START SOURCE RECORDS

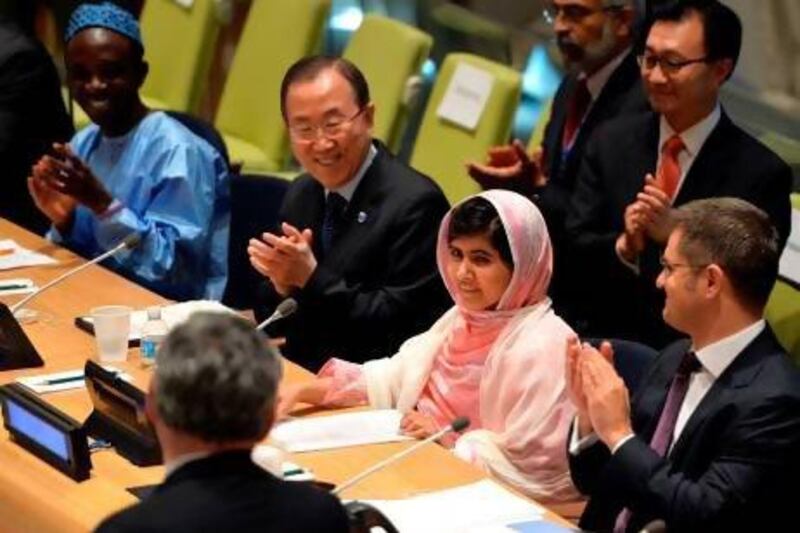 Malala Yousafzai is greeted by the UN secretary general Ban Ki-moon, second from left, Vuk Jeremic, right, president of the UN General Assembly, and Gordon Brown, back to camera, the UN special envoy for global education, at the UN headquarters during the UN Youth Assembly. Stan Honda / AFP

END SOURCE RECORDS
START SOURCE RECORDS

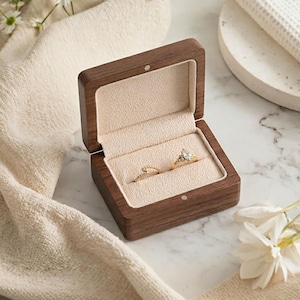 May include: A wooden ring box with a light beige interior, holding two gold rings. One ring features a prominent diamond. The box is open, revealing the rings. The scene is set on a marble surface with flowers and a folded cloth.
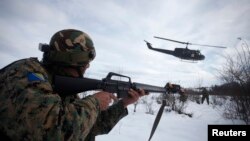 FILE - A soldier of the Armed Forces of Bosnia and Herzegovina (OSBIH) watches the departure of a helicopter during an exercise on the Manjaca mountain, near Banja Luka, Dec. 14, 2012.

END SOURCE RECORDS
START SOURCE RECORDS

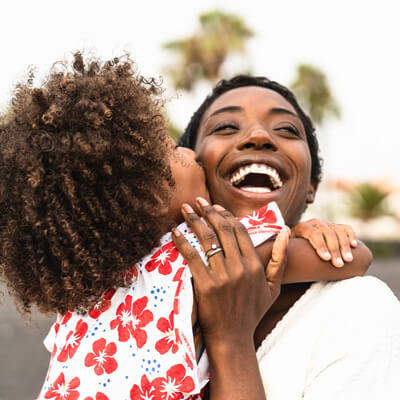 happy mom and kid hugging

END SOURCE RECORDS

TASK INSTRUCTIONS: Exactly the lines starting at the one above with "May include: A" and ending at the one with "FILE - A soldier" should be printed, and nothing else. Omit the pictures.

ANSWER:
 May include: A wooden ring box with a light beige interior, holding two gold rings. One ring features a prominent diamond. The box is open, revealing the rings. The scene is set on a marble surface with flowers and a folded cloth.
 FILE - A soldier of the Armed Forces of Bosnia and Herzegovina (OSBIH) watches the departure of a helicopter during an exercise on the Manjaca mountain, near Banja Luka, Dec. 14, 2012.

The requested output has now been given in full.